Greyhound’s new slogan: ‘We’re on Our Way’


Greyhound’s Cleveland and Pittsburgh terminals are being upgraded.

STAFF/WIRE REPORTS

DALLAS — The old dog is getting a new look.

Greyhound Lines Inc. says it has spent $60 million over the past three years to freshen up its fleet of 1,250 buses and its largest terminals.

Next, the company plans an advertising campaign designed to bring back former customers and attract new riders between age 18 and 24, and Hispanics.

The makeover won’t affect Greyhound’s Youngstown terminal because it is not company-owned, but the upgrades do help local riders, said Deanna Baum, the local agent who runs the terminal.

Almost all local riders stop in Cleveland and Pittsburgh for transfers, she said. The Cleveland terminal has been upgraded and similar work in Pittsburgh is nearly complete, she said.

“Their layovers are much more pleasant,” she said.

The Youngstown terminal has seven buses that depart the terminal daily and serve between 75 and 100 riders each day.

Greyhound officials say the makeover is part of an upgrade that began in 2004, when the company eliminated many small-town stops and routes to speed up service between larger cities.

Patty Herbeck, Greyhound’s director of marketing, said the company has refurbished more than 900 buses with new seats and paint jobs and spruced up 125 of its roughly 940 terminals by repainting, renovating restrooms and adding plasma-screen televisions in waiting areas.

Dallas-based Greyhound traces its roots to 1914, when a Swedish immigrant named Carl Eric Wickman charged Minnesota miners 15 cents to ride between Hibbing and Alice. By 1987, it grew into the largest intercity bus line in the country.

In the early 1990s, however, the company went through a three-year labor strike, growing losses and a spin through bankruptcy court. More recently, it has gone through several changes in leaders and ownership. Since Oct. 1, it’s been a division of FirstGroup PLC, a British bus and rail operator.

Ridership declined after Greyhound eliminated about 1,000 destinations in 2004, although a spokeswoman said sales are up 15 percent to 20 percent on the remaining routes. The company said it carried 19 million passengers last year and had sales of $1.2 billion.
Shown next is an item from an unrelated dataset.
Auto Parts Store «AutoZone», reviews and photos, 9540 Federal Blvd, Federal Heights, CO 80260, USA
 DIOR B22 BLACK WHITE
Greyhound hasn’t launched a maj or national advertising campaign in years.

“Greyhound has earned its status as an American icon,” Herbeck said. “But when you’re 93 years old, you have to remind people who you are and what you stand for. We’re trying to tell them the look and experience of Greyhound has changed.”

Greyhound hired Butler, Shine, Stern and Partners of Sausalito, Calif., to develop a multimillion-dollar broadcast, print and billboard advertising campaign that began this week.

The first television spot shows an old bus pulling into a terminal and the driver disembarking to take a break. An auto-racing pit crew hauls in new seats, paints the bus, and changes the driver into his new uniform.

The ad agency said the spot will air on cable channels such as MTV and on NBC’s “Late Night with Conan O’Brien.” Print ads are planned for Rolling Stone, SPIN and other magazines, with versions also for online search engines.

Greg Stern, the ad agency’s chief executive, said the campaign’s slogan — “We’re On Our Way” — was a nod to Greyhound’s service that gets passengers from one place to another.

“There is also a certain humility in it,” Stern added. “We’ve listened to you, we’re improving our service and our facilities, and it’s time to have a new look.”